**What you are asked to do**
For this exercise, please return exactly the line containing "Image of first" and each line after it through the end of the records, with no pictures included.

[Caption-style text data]
################
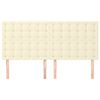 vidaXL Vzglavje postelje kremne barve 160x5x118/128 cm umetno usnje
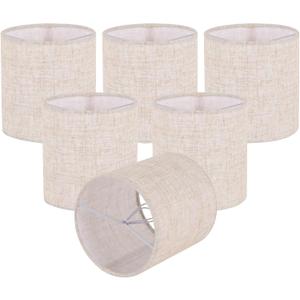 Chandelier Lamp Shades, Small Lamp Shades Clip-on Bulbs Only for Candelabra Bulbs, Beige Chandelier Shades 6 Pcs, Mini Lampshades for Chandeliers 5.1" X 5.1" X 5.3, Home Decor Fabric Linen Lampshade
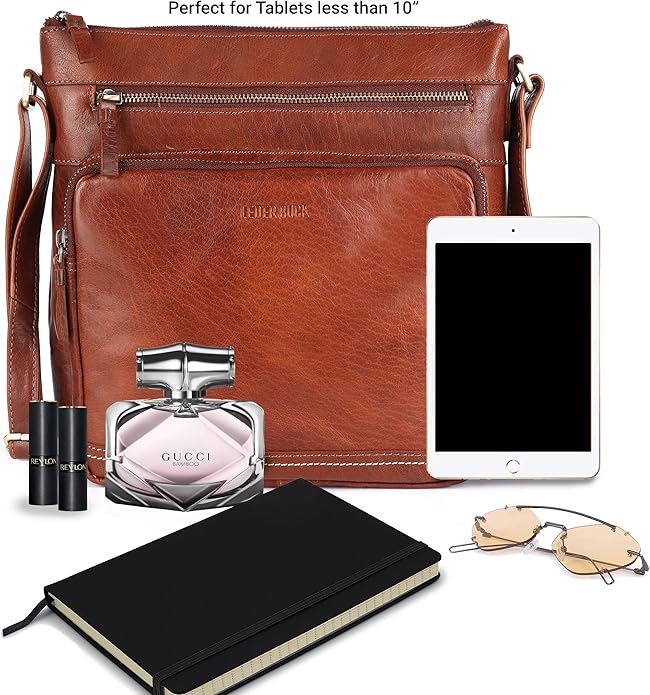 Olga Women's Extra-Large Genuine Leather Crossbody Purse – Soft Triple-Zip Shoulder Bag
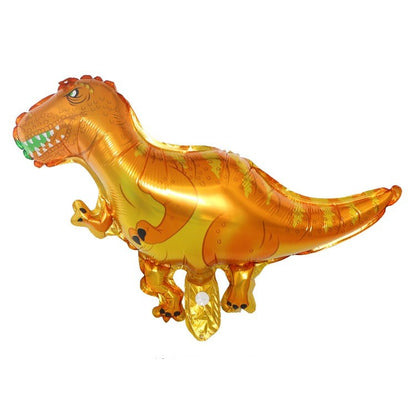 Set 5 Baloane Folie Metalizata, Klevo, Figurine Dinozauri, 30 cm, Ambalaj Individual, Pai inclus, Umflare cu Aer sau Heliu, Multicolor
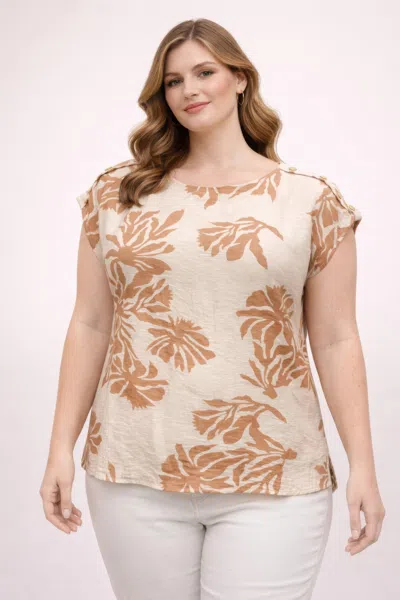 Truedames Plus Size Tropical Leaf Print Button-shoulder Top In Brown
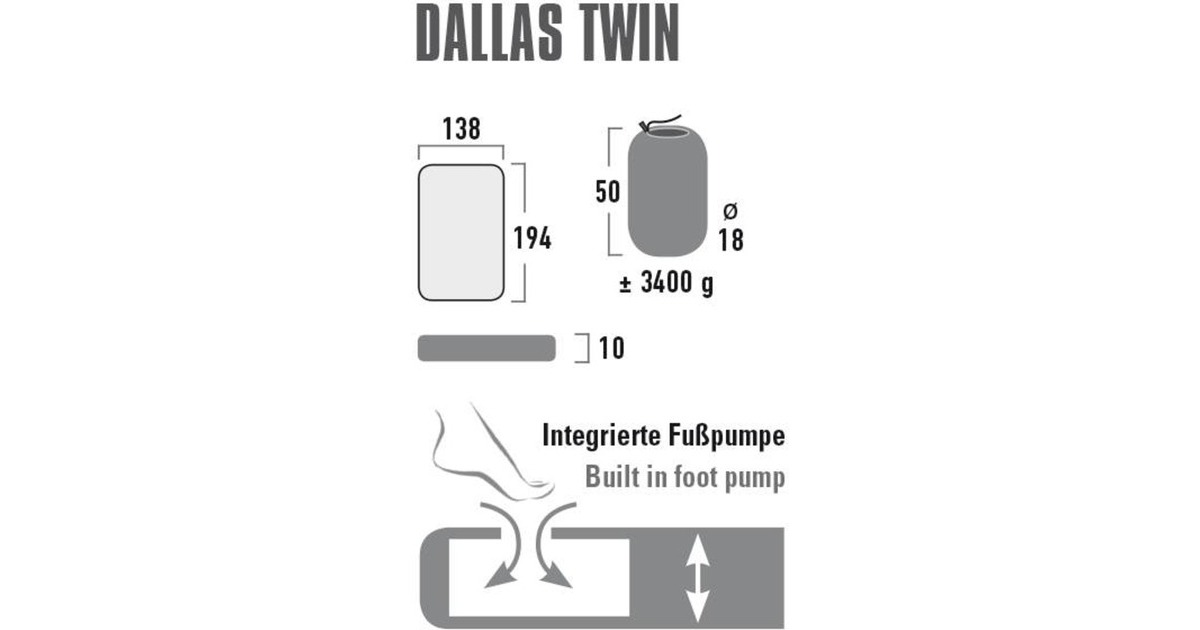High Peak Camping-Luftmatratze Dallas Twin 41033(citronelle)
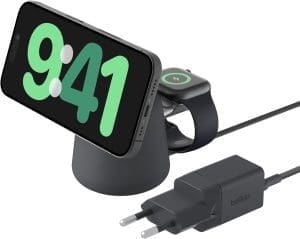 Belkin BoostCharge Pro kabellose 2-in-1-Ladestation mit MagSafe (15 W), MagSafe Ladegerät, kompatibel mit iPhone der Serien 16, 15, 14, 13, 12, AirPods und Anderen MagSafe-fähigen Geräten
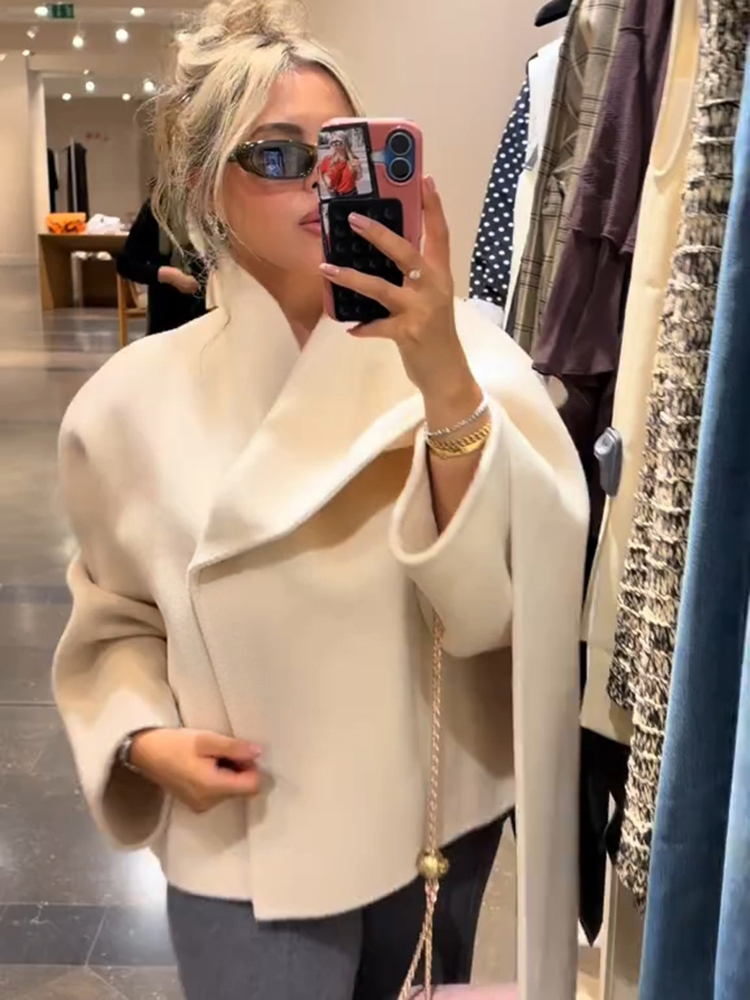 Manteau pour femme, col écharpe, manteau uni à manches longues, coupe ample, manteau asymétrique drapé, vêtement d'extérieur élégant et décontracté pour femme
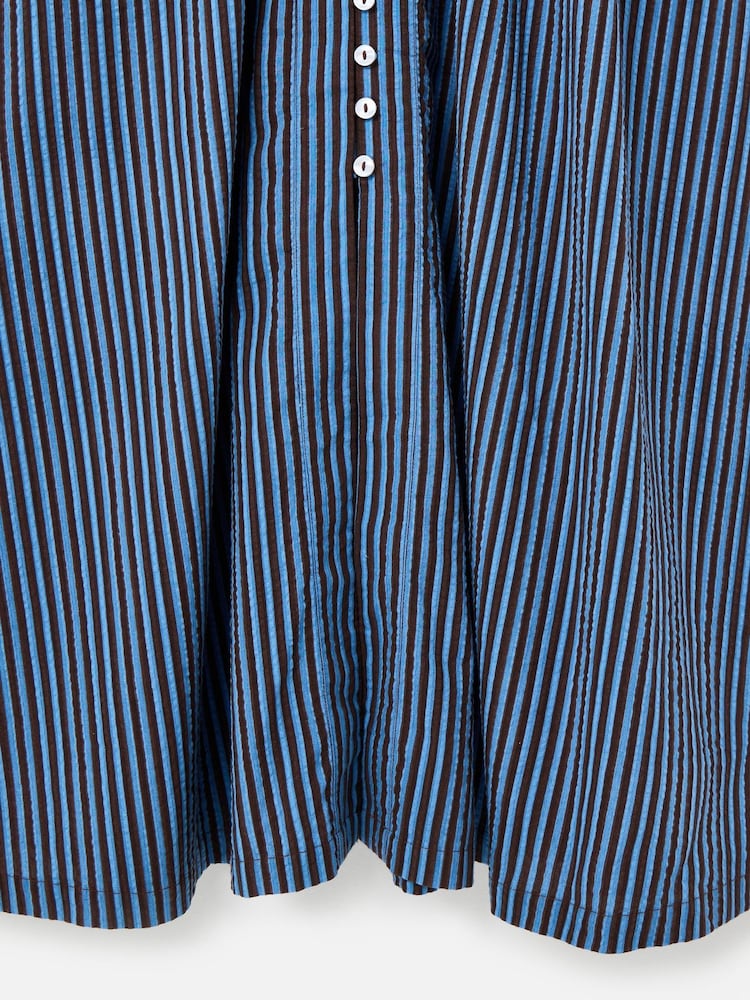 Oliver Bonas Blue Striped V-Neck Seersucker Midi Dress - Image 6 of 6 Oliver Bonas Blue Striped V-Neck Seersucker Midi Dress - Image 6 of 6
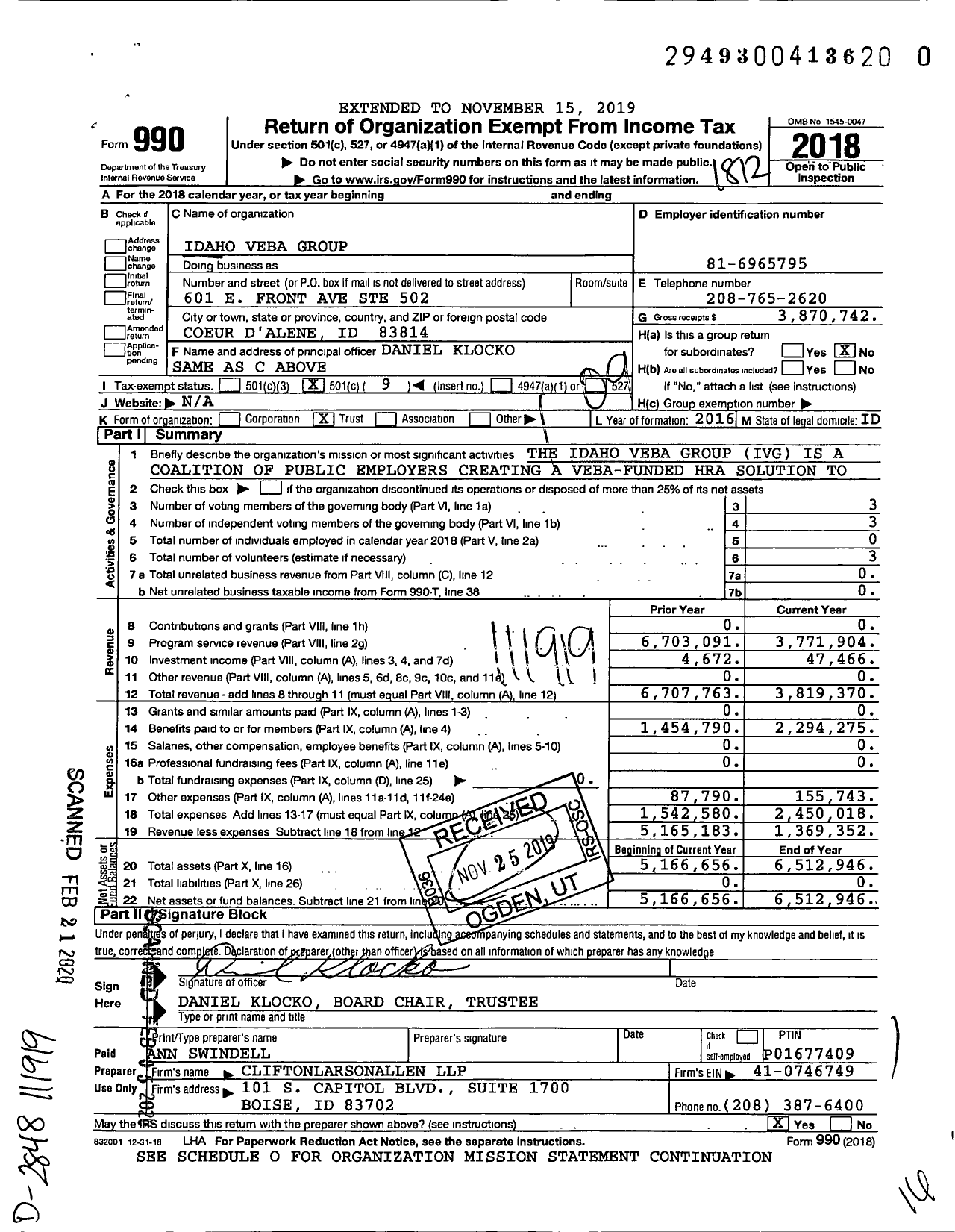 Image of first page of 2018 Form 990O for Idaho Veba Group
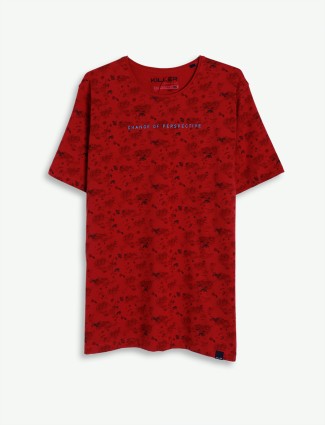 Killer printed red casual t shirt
################
**Result for this exercise**
 Image of first page of 2018 Form 990O for Idaho Veba Group
 Killer printed red casual t shirt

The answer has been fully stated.